El escozor del alacrán en el poemario de Javier Nasarre


Por Carlos Calvo
Fotografías: D.S.

  Los hombres que no tienen fe buscan espacios propios. Acaso para sobrevivir. Acaso para trascender la experiencia inmediata. Si naces en Zuera y pasas largas temporadas de tu infancia en Fago, ese pueblo tristemente conocido por unos imbéciles, eres un hombre físicamente rural.

    Del paisaje agreste, árido. Del territorio genuinamente aragonés. Luego, si estudias en la costa asturiana, te encuentras con el mar y las verdes praderas. Del amarillo al rosa. Summers en dirección contraria. Ese espacio físico del tiempo, del universo, se puede volver metafísico. Es, en efecto, “la intemperie metafísica, la soledad, la conciencia hacedora de mundos, el fanatismo destructor y satisfecho, el desarraigo, el sufrimiento y el placer, el deseo y la nada”.

 

 Javier Nasarre, añada del 58, es profesor de matemáticas de educación secundaria y bachillerato en el instituto Miguel Catalán de Zaragoza (también doctor en la disciplina de ciencias de la física teórica), y allí ha presentado su poemario ‘Geometrías de la intemperie’ (Neopàtria, 2017). Su afición a la literatura proviene de su época de internado laboral en Gijón, donde estudia hasta mediados de los años setenta del siglo veinte, una época de efervescencia política y cultural que marca de manera decisiva su percepción del estado de las cosas. Esa cosas de la vida de las que hablaba Sautet. En cierto modo, Nasarre intenta aunar su formación científica con sus intereses de carácter humanístico, filosófico.

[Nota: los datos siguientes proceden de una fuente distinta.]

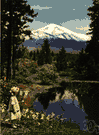Shasta - a member of the Indian people of northern California and southern Oregon
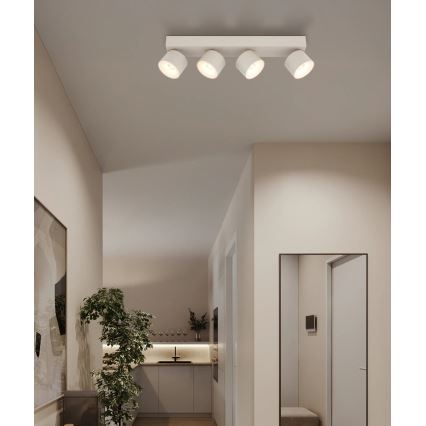 Globo - LED virziena gaismeklis 4xLED/6W/230V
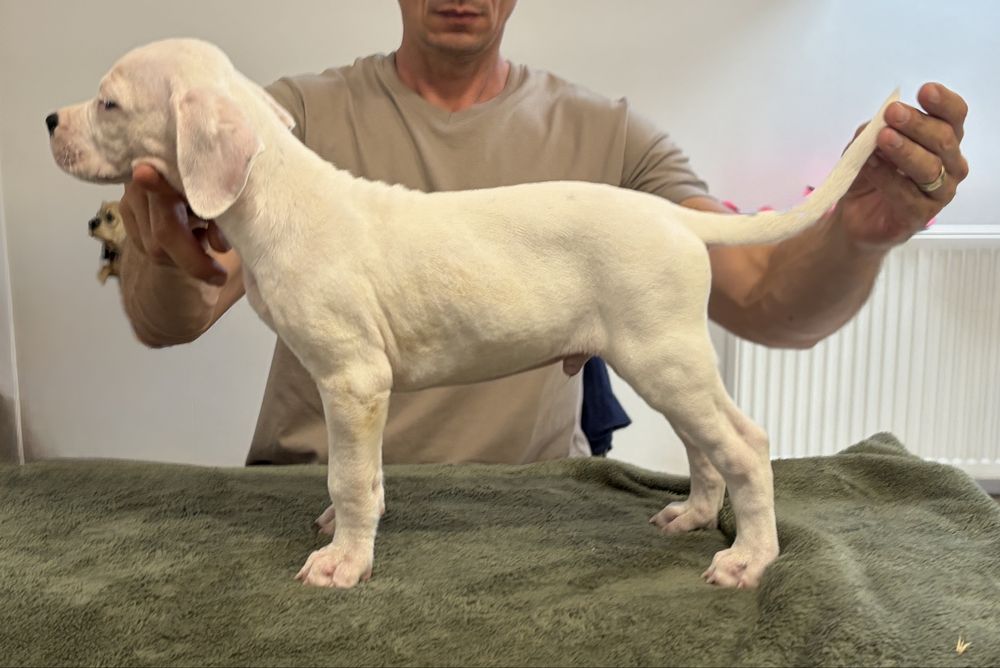 Dogo Argentino/Dog Argentinian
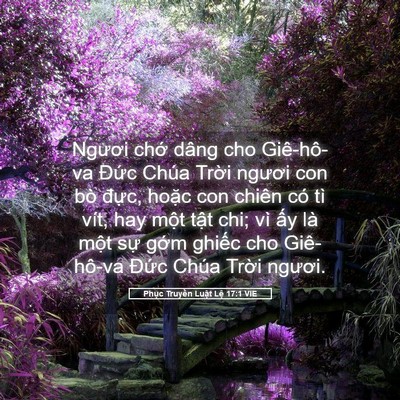 Picture 05 - Phục Truyền Luật Lệ 17:1 VIE - Ngươi chớ dâng cho Giê-hô-va Đức Chúa - Bible Verse Picture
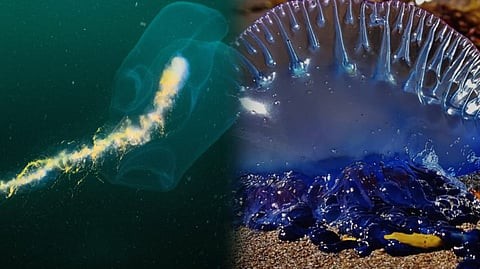 Siphonophore
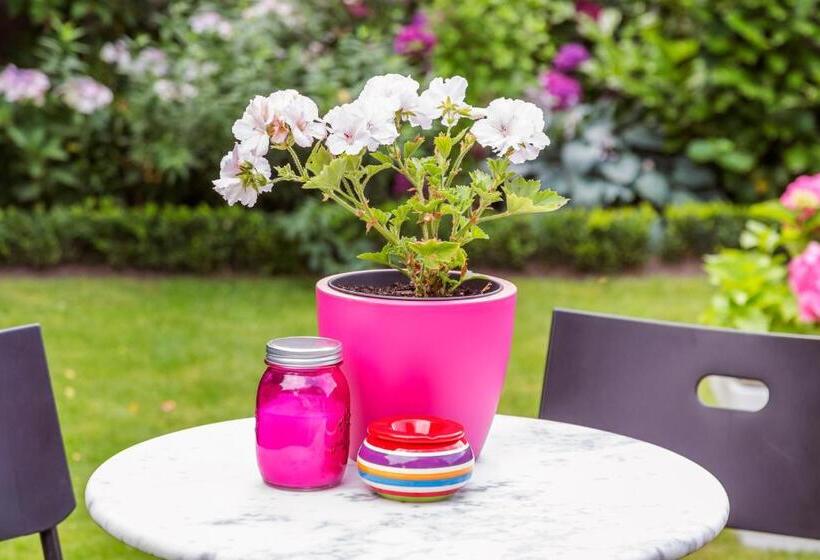 مبيت وإفطار Bij Jans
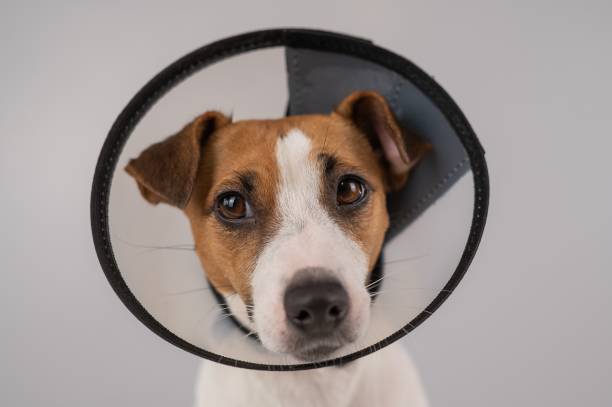 istock Jack Russell Terrier dog in plastic cone after surgery. 2163138544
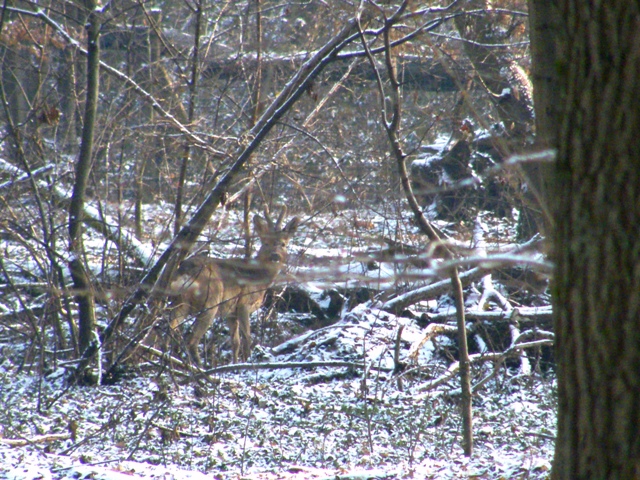 caprioli , riserva La Fagiana Parco del Ticino, lombardia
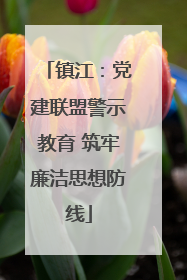 镇江：党建联盟警示教育 筑牢廉洁思想防线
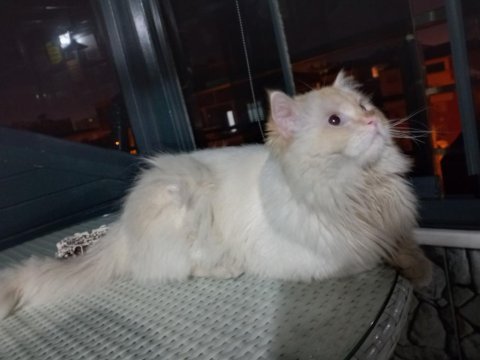 Ücretsiz british longhair sahiplendirme
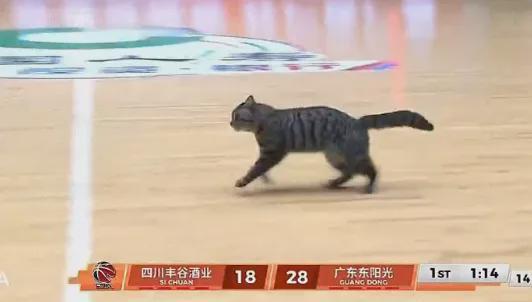 博鱼体育-5+3！陈国豪暴揍老东家！CBA又一奇葩条款诞生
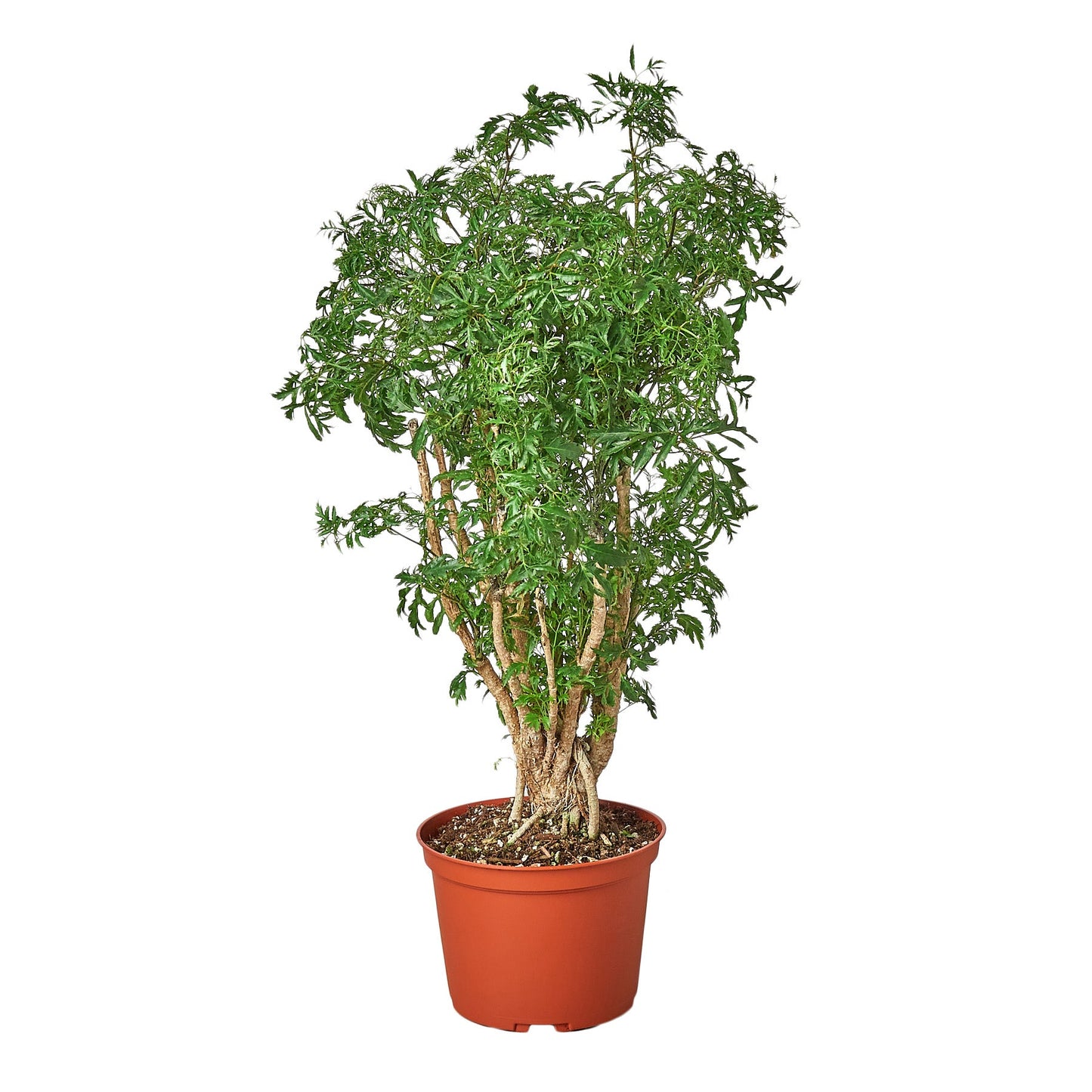 Aralia Ming Stump Plant - Ming Dynasty Delight: Evergreen Bonsai with Rich Green Leaves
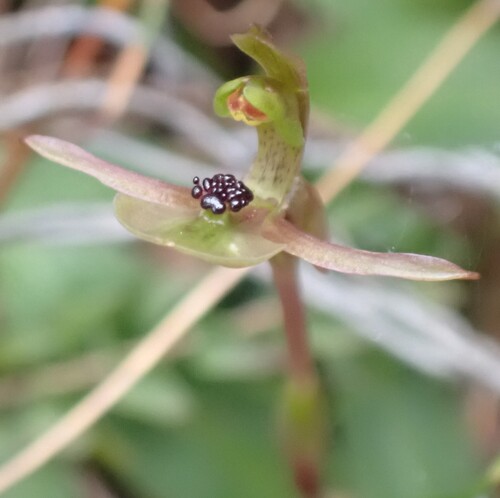 dainty bird-orchid (Chiloglottis trapeziformis)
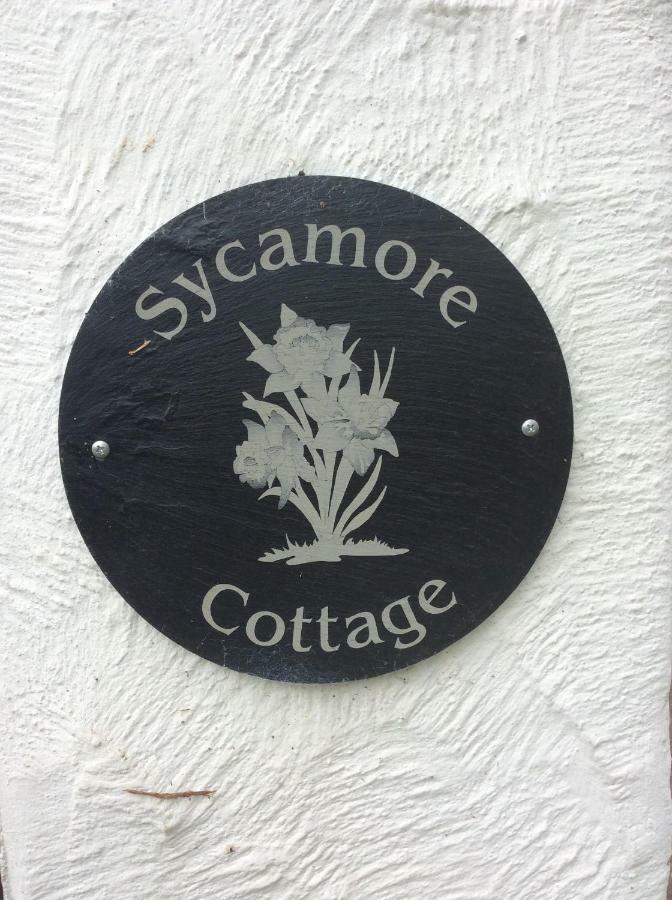 Sycamore Cottage Конві Екстер'єр фото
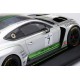 Bentley Continental GT3 7 3 Heures de Monza 2018 Truescale TS0243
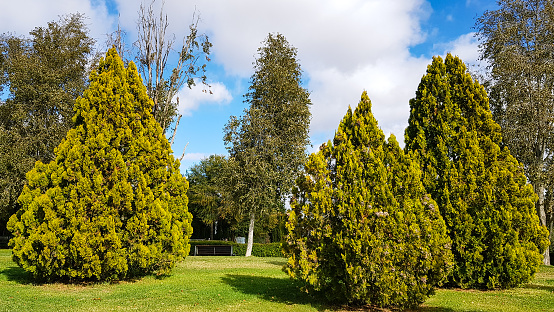 Trees and grass area in a public city park with a white cloud sky on a sunny autumn day
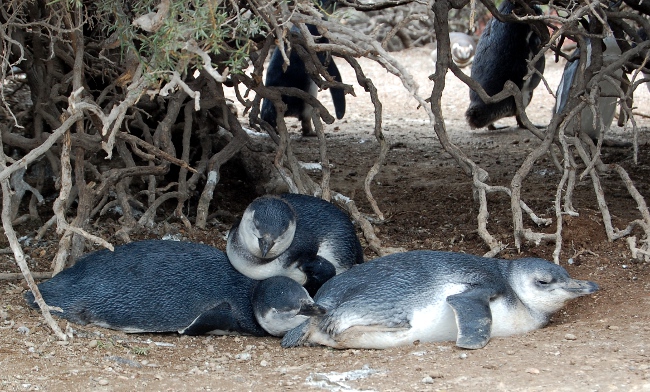 Sleeping penguins
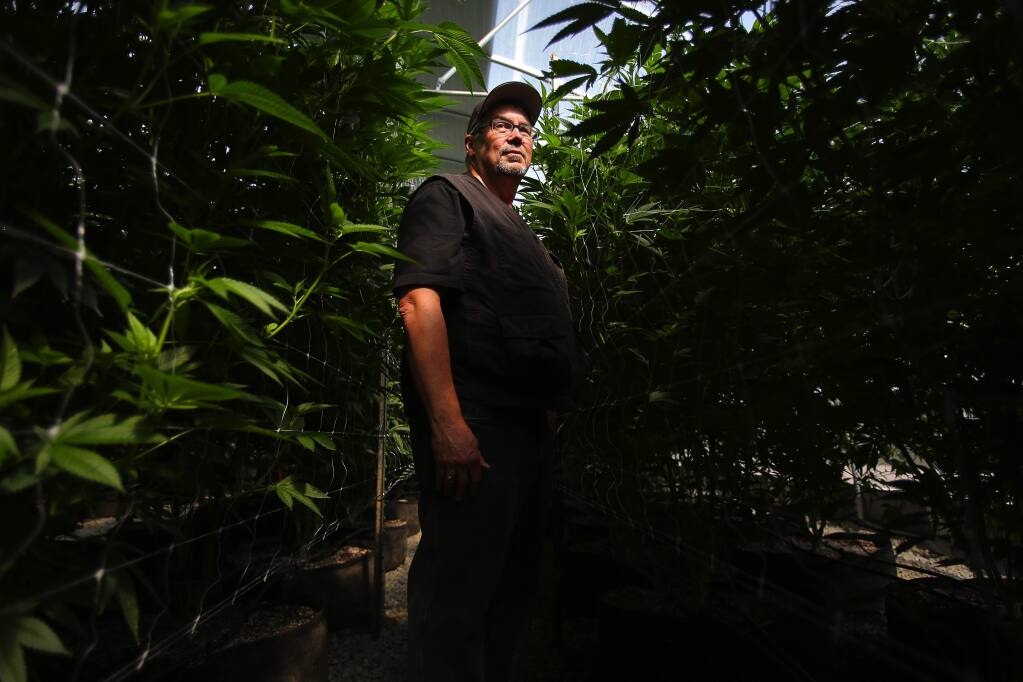 Larry Schaeffer is the operations manager at Cherry Kola farm, where medicinal marijuana is grown, in a rural area outside of Penngrove. Schaeffer is in the process of seeking permits to move some cannabis production operations into an industrial area of Santa Rosa. (Christopher Chung/ The Press Democrat)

Su poesía, a veces de combate, a veces hiperrealista, viene impulsada en sus particulares miedos y pretextos, en sus prejuicios y reproches, en sus razonamientos e intimidades.

  En el prólogo, Julio Camarasa habla de esa intemperie como “creación y entropía, atalaya y abismo”, de la misma forma que considera las geometrías “expresiones poéticas singulares de las experiencias vividas en y desde las intemperies de la existencia humana”. El libro lo conforman cuarenta y tres poemas de una intensidad creciente, con la introducción de un “miento, siempre miento / con absoluta sinceridad, / miento” y un epitafio en el que “aún titilan las estrellas / no todo es noche en la noche / y vela el búho / buhonero de sueños / fértiles en promesas”.

  Pero las promesas de Javier Nasarre van más allá de esa ave rapaz, la más grande de las estrígidas europeas, que tiene vuelo silencioso y habita en lugares inaccesibles. Y en su poemario aparecen tigres y cervatos, gusanos y lagartos, ocas y bucardos, osas y tortugas, lobos y bisontes, ballenas y alacranes, cuervos y vencejos, hormigas y caracolas. También tierras amarillas y nubes cenicientas, vientos eternos y aguas infinitas, olas caprichosas y montañas sagradas, tormentas perfectas y yerbas maceradas. Y piedras que hablan. Y palmeras. Y chopos, Y tomillos. Y romeros. Y rosas o jazmines.

  Se aprecia la búsqueda del absoluto y la reivindicación del amor como redención y punto de llegada. Un amor, una vez más, cuya definición última corresponderá al lector. Y Nasarre, ante los “desiertos papeles ávidos de escritura y tinta”, le ofrece llanuras ilimitadas de rizos, remotos azares de lo posible, heleros bajo cielos inmaculados, cortinas plomizas sobre la estepa, días libérrimos de juegos y acechos, de faldas pudorosas, de sacros secretos, de fuegos explosivos entre cerveza y cocaína, entre vino bordelés y heroína.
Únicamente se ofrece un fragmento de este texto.